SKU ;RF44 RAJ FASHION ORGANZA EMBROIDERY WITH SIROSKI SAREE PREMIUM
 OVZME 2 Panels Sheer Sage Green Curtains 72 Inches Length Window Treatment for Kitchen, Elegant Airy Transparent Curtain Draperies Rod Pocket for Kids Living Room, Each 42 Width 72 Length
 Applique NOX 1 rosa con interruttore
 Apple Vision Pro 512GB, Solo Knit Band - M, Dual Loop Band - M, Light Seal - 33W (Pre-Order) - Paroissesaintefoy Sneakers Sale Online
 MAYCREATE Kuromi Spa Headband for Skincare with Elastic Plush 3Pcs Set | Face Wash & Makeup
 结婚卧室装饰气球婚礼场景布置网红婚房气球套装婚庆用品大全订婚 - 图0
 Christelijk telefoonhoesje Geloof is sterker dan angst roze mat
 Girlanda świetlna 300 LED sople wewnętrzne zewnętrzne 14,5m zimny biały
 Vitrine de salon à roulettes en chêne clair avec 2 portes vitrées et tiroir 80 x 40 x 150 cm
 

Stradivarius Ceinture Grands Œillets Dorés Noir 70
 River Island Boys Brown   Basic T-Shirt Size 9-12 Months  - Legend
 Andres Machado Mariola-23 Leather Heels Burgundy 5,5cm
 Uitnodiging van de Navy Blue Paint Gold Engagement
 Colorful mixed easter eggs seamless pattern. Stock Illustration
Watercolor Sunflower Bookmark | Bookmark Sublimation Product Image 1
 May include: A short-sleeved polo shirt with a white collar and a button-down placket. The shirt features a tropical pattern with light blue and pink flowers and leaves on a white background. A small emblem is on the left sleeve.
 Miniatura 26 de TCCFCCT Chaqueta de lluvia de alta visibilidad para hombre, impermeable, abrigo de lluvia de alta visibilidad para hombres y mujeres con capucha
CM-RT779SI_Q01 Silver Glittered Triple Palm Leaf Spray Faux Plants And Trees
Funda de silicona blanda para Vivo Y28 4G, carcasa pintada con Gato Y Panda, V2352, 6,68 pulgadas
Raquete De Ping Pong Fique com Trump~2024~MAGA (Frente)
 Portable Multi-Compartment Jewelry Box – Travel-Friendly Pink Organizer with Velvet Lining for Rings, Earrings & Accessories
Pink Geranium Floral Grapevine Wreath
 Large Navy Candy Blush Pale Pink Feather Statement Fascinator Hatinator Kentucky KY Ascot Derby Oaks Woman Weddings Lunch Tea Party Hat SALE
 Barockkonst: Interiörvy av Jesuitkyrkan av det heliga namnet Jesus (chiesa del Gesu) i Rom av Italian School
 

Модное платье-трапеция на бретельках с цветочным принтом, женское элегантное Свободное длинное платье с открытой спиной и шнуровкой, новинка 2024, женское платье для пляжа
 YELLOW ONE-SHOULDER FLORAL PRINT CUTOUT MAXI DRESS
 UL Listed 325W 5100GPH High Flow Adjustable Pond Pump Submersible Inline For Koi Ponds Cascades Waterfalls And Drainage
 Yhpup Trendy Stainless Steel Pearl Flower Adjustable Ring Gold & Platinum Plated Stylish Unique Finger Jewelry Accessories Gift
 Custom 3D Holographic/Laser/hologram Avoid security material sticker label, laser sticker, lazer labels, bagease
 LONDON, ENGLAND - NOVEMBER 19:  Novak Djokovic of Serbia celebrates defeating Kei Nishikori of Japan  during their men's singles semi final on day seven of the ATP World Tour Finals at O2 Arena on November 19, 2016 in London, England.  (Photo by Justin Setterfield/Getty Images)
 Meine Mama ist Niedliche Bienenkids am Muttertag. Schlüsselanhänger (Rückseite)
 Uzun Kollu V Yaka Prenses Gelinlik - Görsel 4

···

INSTRUCTIONS TO FOLLOW
Please go through the entries and show every line with the word "para".

TASK RESPONSE
 Miniatura 26 de TCCFCCT Chaqueta de lluvia de alta visibilidad para hombre, impermeable, abrigo de lluvia de alta visibilidad para hombres y mujeres con capucha
Funda de silicona blanda para Vivo Y28 4G, carcasa pintada con Gato Y Panda, V2352, 6,68 pulgadas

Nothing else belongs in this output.